→ What this task involves: The line containing "ZUIDID Cool Black" and every line after it, through the end of the material: copy these exactly and nothing else, leaving pictures out.

____________

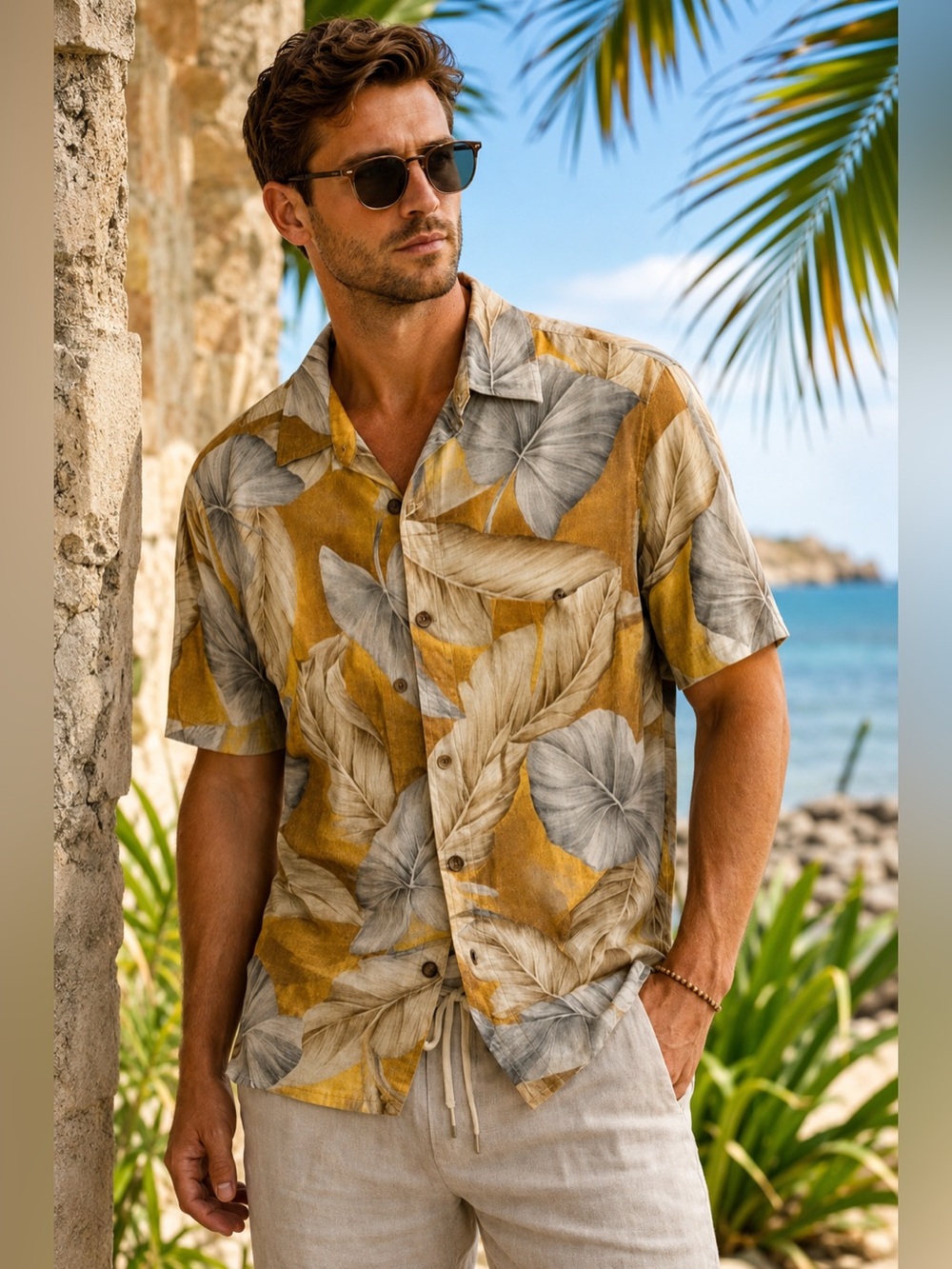 Island Republic Mens M 100% Silk Hawaiian Camp Shirt Tropical Leaf Aloha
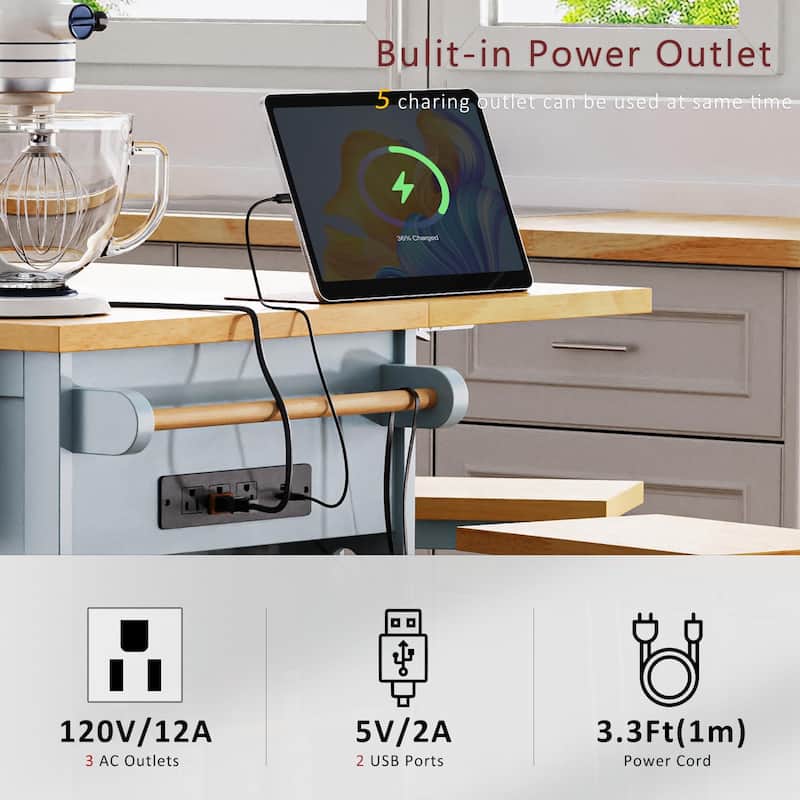 Kitchen Island with 2 Bar Stools, Kitchen Cart with Drop Leaf, Kitchen Cabinet with Built-in Charging Station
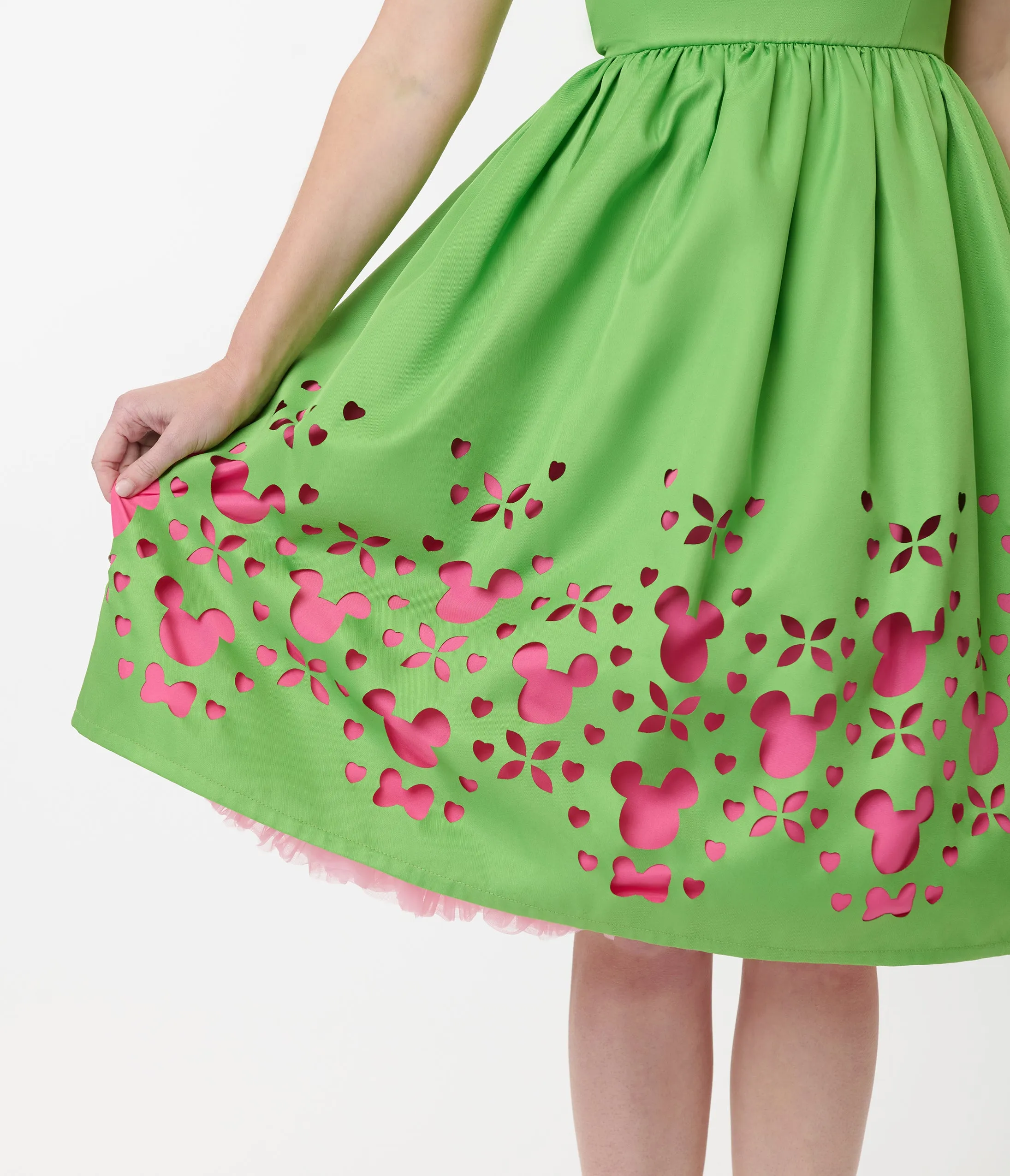 Disney Mickey & Friends Collection by Unique Vintage Neon Green & Neon Pink Mickey Cutout Swing Dress sold by Unique Vintage product image thumbnail 2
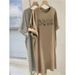 Summer Loose European And American Cartoon Cat Print Casual Comfortable Short-sleeved Round Neck Women Maternity Dress_ecoleips.com
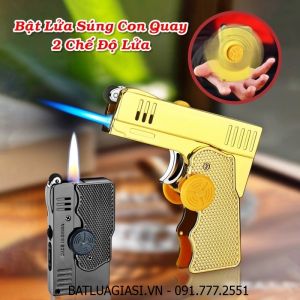 BẬT LỬA SÚNG CON QUAY 2 CHẾ ĐỘ LỬA M-913 (FULLBOX) - (XÀI GAS)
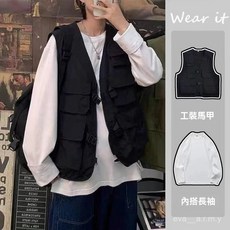 男女多口袋工裝機能風無袖背心外套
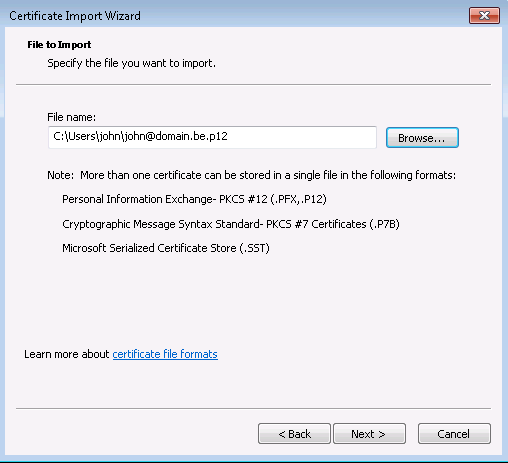 Selecting the client Certificate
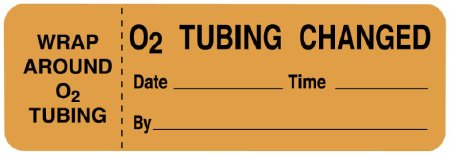 United Ad Label - Pre-Printed Label Advisory Label Orange Paper O2 Tubing Change Date___Time__ 1 X 3 Inch - ULOX412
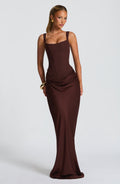 Caroline | Women's Elegant Draped Square Neck Dress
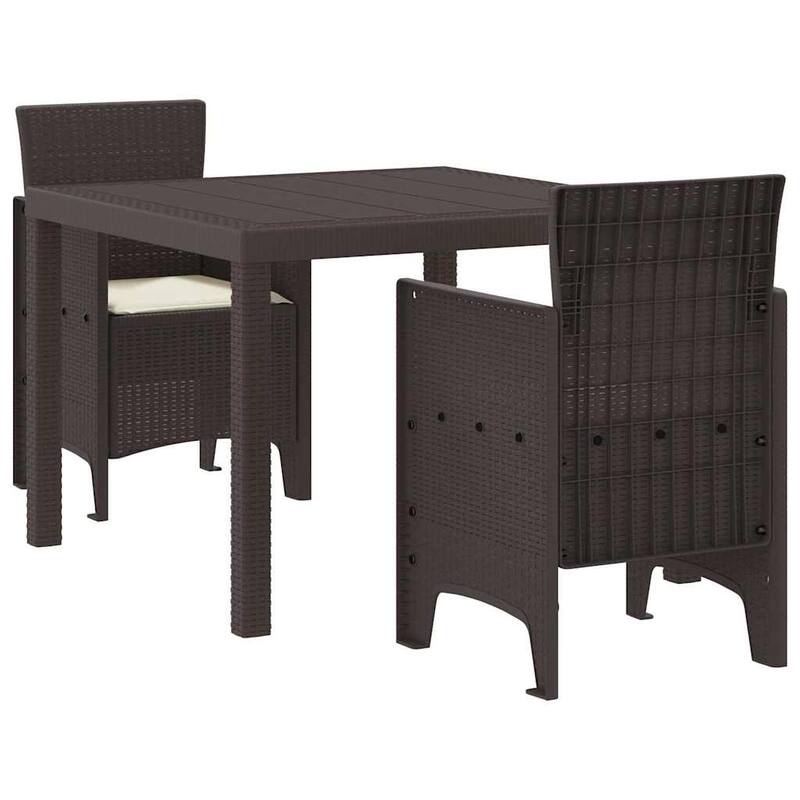vidaXL Garden Dining Set 3/5 pcs Anthracite/Brown Polt rattan - 100 x 100 x 73 cm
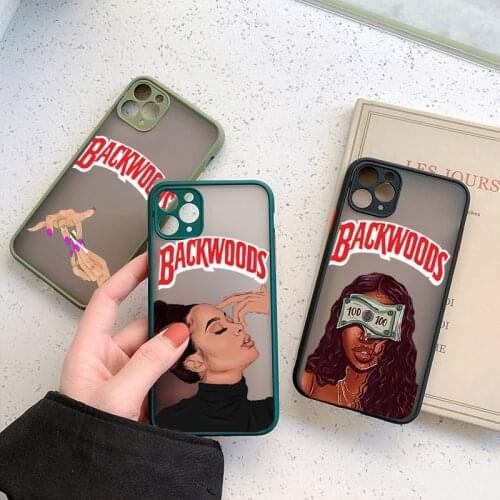 ZUIDID Cool Black Girl Backwoods Phone Case For iPhone 11 12 Pro XS MAX X XR 7 SE20 8 6Plus Cartoon Hard Clear Cover Matte Coque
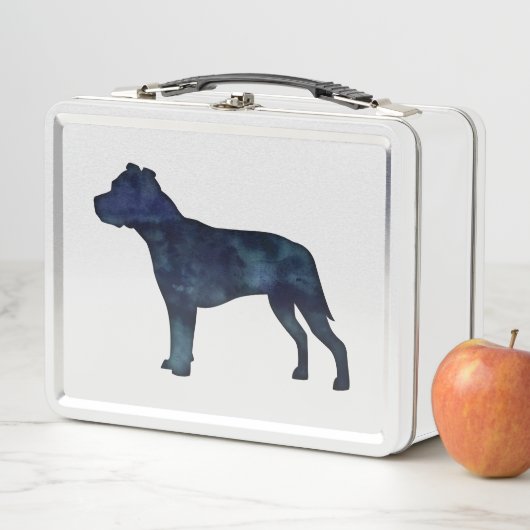 ピットブル犬が育つシルエット黒水色 メタルランチボックス (インサイチュ)
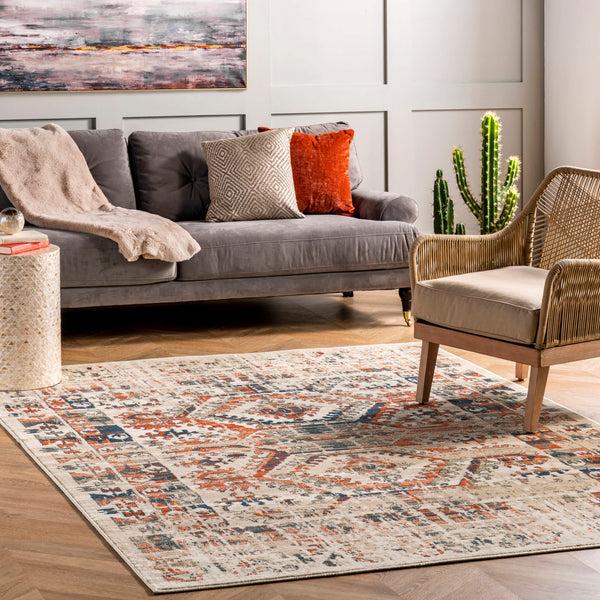 Nuloom Niamh Distressed Ethnic Motif Area Rug Beige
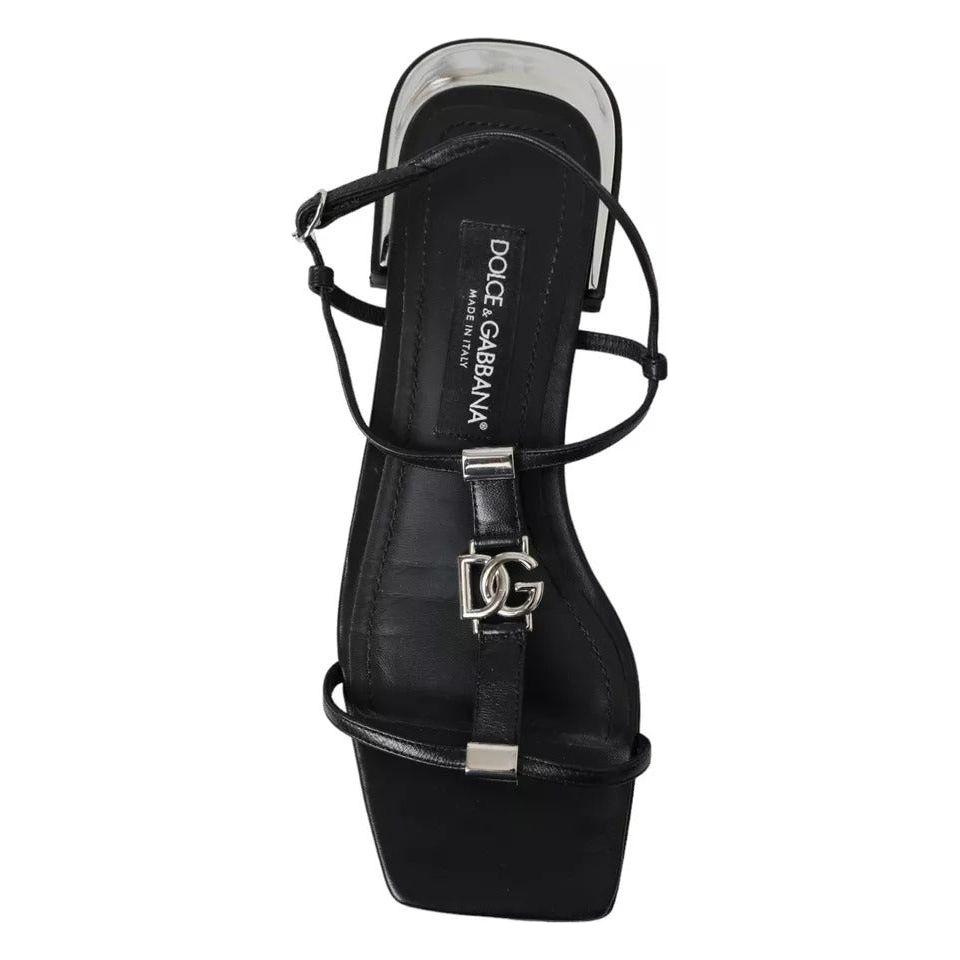 Dolce & Gabbana Black Leather DG Logo Flats Sandals Shoes Dolce & Gabbana Black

____________

→ Answer to this exercise:
 ZUIDID Cool Black Girl Backwoods Phone Case For iPhone 11 12 Pro XS MAX X XR 7 SE20 8 6Plus Cartoon Hard Clear Cover Matte Coque
 ピットブル犬が育つシルエット黒水色 メタルランチボックス (インサイチュ)
 Nuloom Niamh Distressed Ethnic Motif Area Rug Beige
 Dolce & Gabbana Black Leather DG Logo Flats Sandals Shoes Dolce & Gabbana Black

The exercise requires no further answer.